Find the line containing "Kızıl Arkaplan Üzerinde" in the entries below. Restate it and each line after it, word for word, up to and including the line containing "BMW Seria 3 328i xDrive Modern Line - 14".

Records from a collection
::::

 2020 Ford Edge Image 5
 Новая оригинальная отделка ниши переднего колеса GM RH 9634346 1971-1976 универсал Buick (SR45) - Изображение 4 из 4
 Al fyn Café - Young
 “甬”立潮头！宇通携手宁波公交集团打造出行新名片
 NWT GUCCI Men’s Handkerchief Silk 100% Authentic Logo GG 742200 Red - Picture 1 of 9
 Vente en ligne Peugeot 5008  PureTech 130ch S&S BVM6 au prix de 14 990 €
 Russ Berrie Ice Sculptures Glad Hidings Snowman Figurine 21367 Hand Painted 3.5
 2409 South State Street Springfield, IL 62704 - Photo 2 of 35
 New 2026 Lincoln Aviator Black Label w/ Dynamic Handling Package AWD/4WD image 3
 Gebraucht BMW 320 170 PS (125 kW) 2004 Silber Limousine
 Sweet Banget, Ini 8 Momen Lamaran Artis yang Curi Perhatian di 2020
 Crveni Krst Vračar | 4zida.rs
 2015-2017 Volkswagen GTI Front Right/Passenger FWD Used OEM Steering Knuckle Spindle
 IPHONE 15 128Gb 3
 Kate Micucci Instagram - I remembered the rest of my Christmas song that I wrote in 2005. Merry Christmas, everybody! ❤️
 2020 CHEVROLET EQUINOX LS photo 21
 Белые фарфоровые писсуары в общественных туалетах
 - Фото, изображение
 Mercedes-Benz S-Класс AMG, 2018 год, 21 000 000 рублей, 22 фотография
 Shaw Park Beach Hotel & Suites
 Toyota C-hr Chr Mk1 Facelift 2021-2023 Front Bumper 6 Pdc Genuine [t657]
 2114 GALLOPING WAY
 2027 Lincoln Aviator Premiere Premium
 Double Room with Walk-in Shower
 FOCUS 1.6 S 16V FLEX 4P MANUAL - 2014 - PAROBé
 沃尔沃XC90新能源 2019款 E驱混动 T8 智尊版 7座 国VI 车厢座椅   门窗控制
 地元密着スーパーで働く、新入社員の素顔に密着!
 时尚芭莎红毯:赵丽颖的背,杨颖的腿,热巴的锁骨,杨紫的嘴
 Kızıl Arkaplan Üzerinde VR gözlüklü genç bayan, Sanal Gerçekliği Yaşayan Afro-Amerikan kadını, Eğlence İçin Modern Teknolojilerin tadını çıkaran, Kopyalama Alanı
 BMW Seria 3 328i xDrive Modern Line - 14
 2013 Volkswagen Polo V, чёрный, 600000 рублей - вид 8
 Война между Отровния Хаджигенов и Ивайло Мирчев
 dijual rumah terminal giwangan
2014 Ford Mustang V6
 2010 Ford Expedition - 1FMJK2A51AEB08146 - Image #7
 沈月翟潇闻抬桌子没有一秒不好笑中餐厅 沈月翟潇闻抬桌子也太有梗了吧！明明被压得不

::::

### Answer to the exercise
 Kızıl Arkaplan Üzerinde VR gözlüklü genç bayan, Sanal Gerçekliği Yaşayan Afro-Amerikan kadını, Eğlence İçin Modern Teknolojilerin tadını çıkaran, Kopyalama Alanı
 BMW Seria 3 328i xDrive Modern Line - 14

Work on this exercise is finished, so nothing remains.